=== REQUIREMENT ===
Return the listing below unchanged, but without pictures.

=== DATA SECTION ===

★ ★ ★ ★ ★

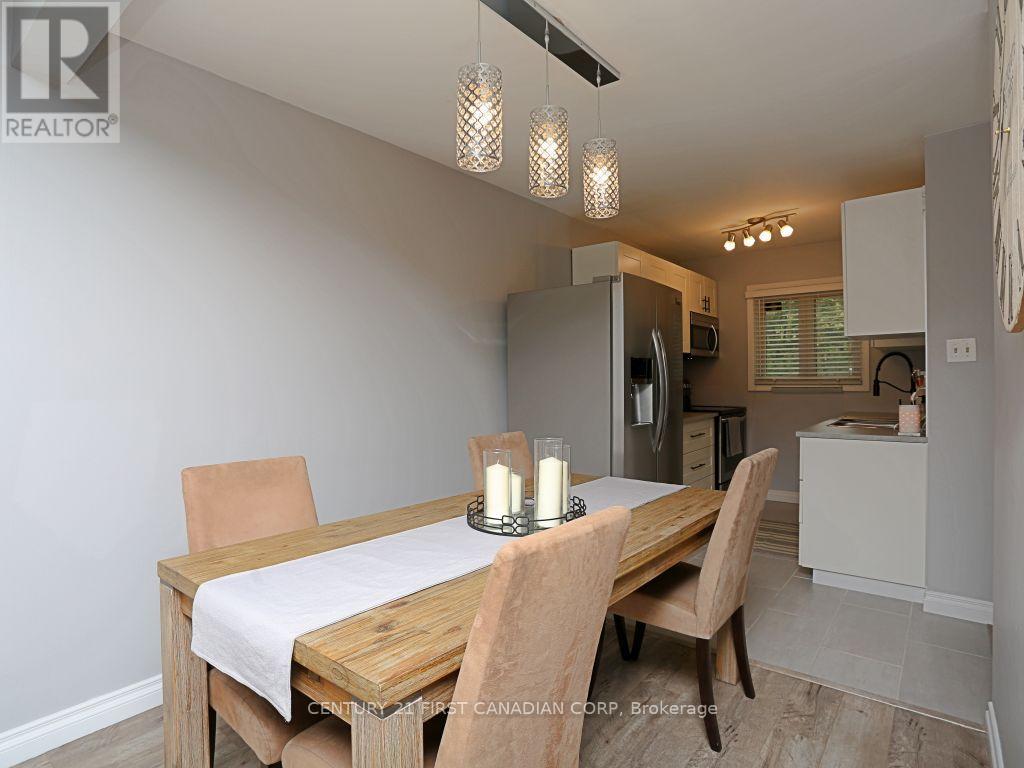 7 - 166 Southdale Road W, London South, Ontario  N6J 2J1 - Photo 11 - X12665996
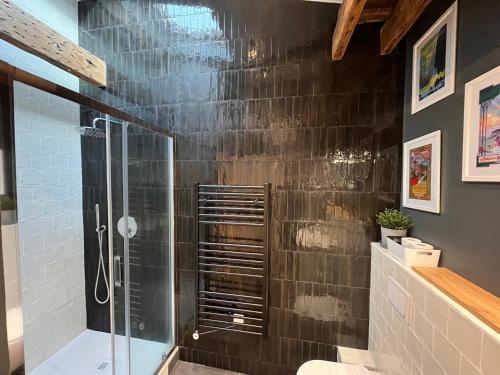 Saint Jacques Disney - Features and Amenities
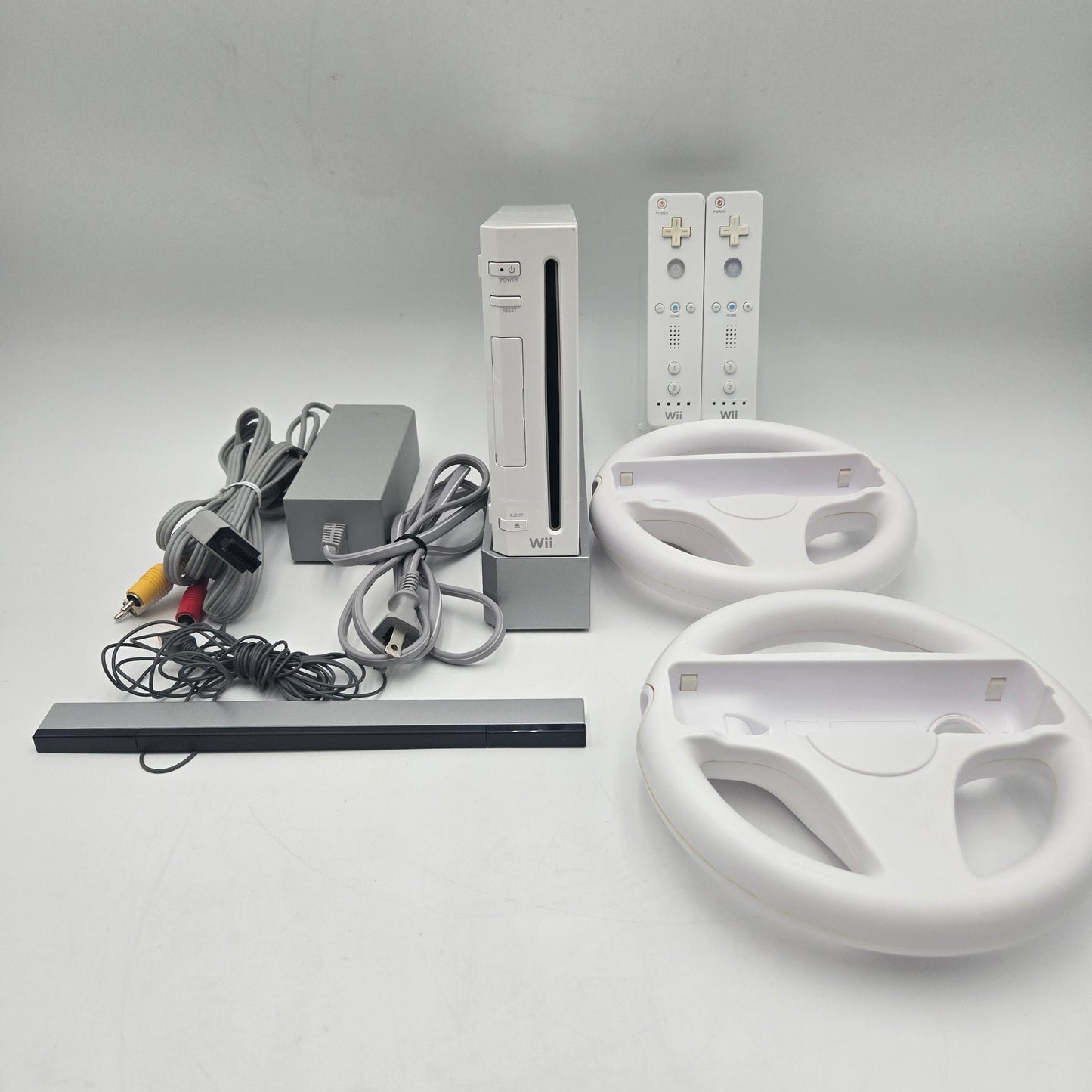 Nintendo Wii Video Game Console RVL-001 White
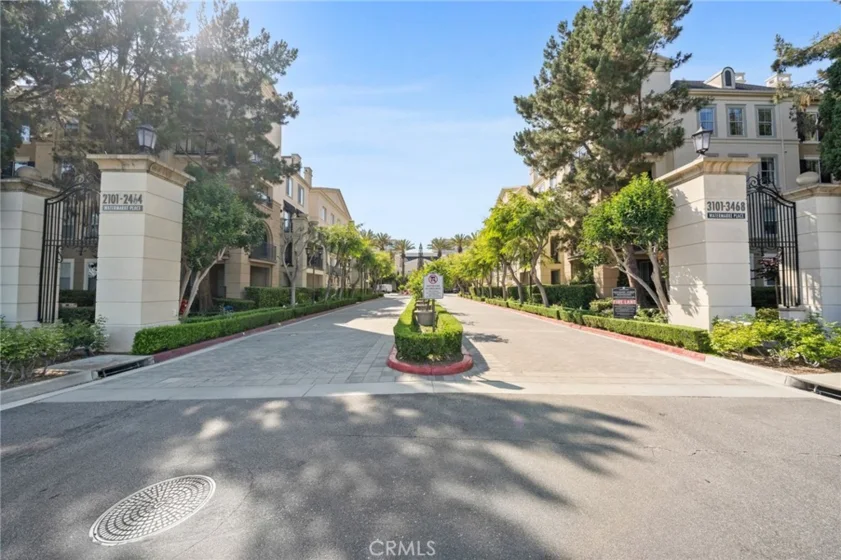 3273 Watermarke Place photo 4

★ ★ ★ ★ ★

=== RESULT OF THE TASK ===
 7 - 166 Southdale Road W, London South, Ontario  N6J 2J1 - Photo 11 - X12665996
 Saint Jacques Disney - Features and Amenities
 Nintendo Wii Video Game Console RVL-001 White
 3273 Watermarke Place photo 4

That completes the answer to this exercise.